Nel caso Diella, le fonti pubbliche citano cooperazioni tra Microsoft e l’agenzia digitale nazionale: quanto più si sposta il baricentro sulle dipendenze tecniche, tanto più gli anticorpi interni alla corruzione risultano indeboliti.
Un percorso difendibile: l’Ia come sentinella, non come aggiudicatore. Una riforma dell’anticorruzione compatibile con la responsabilità di funzione non butta via l’Ia: ne ridisegna l’incastro istituzionale. Tecnologie come Diella potrebbero essere usate per segnalare anomalie (concentrazione di aggiudicazioni, tempistiche atipiche), non per prendere decisioni.
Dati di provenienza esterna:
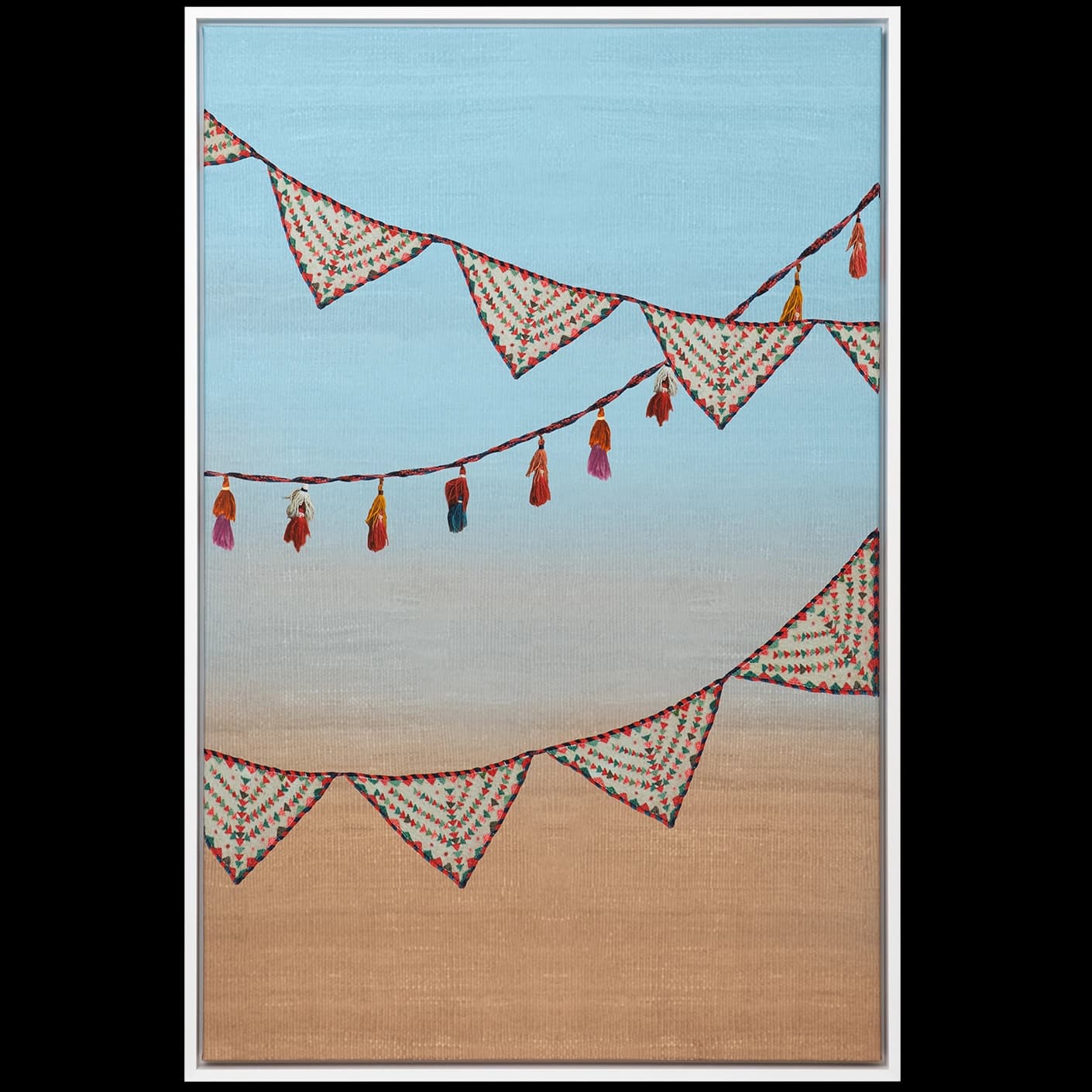 Fiesta canvas in multicolour and blue, shown in a product front view as image 1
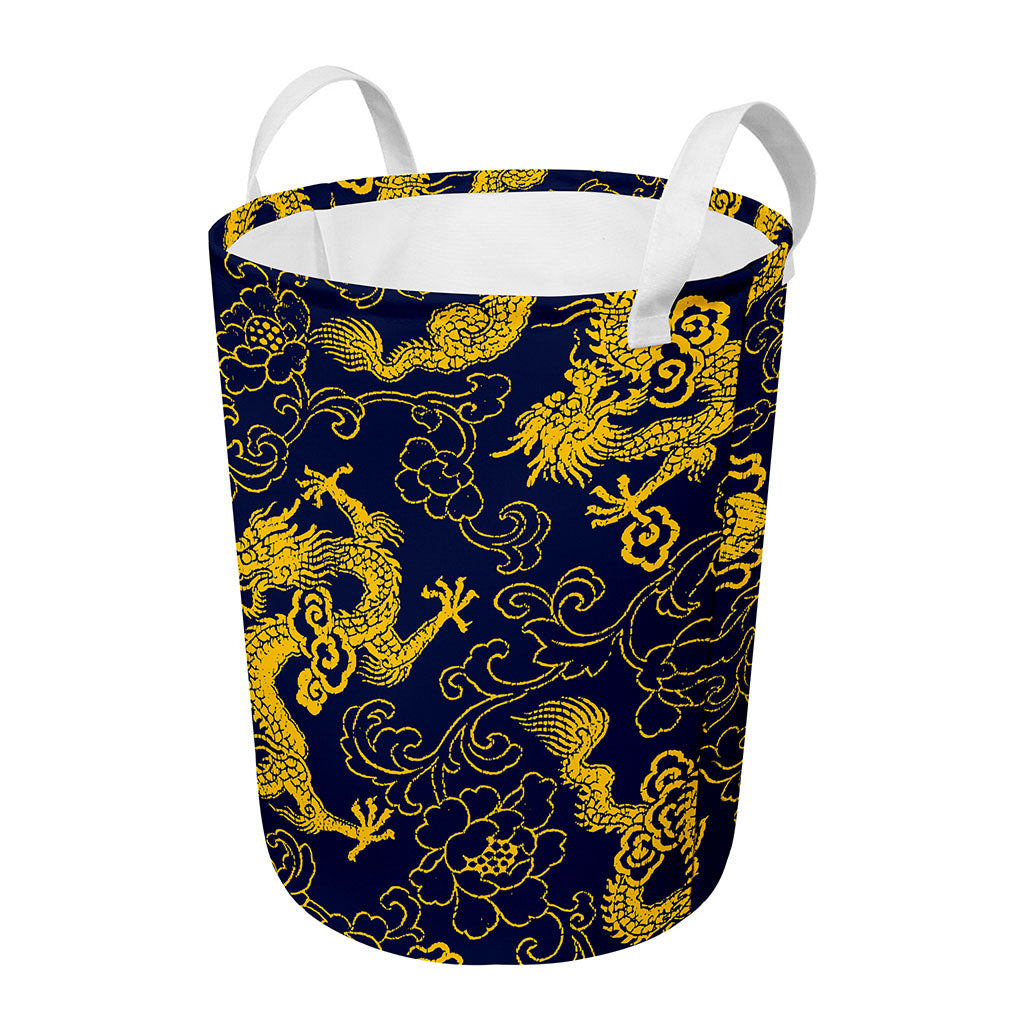 Gold Japanese Dragon Pattern Print Round Laundry Basket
L’autorità aggiudicante resterebbe così in capo a persone in carne e ossa, tenute a scambiarsi ragioni legate al ruolo intelligibili a colleghi e colleghe e al pubblico. Inoltre, servirebbe un impegno di alfabetizzazione critica. Chi usa Diella dovrebbe, infatti, essere formato anche a contraddirla quando è il caso, e a motivare lo scostamento senza essere penalizzato.
Pratiche di questo tipo arricchirebbero, invece che indebolire, l’esercizio della responsabilità di funzione.
L’anticorruzione non si sostiene imbrigliando la discrezionalità della funzione pubblica in una piattaforma, ma strutturandola in modo che chi detiene cariche pubbliche possa dare e chiedere ragioni su come impiega il proprio potere d’ufficio. Solo se un sistema come Diella potesse essere funzionale per sostenere queste pratiche, allora potrebbe essere di aiuto a far sì che chi detiene cariche pubbliche possa agire in modo responsabile e non come nemico interno dell’azione istituzionale.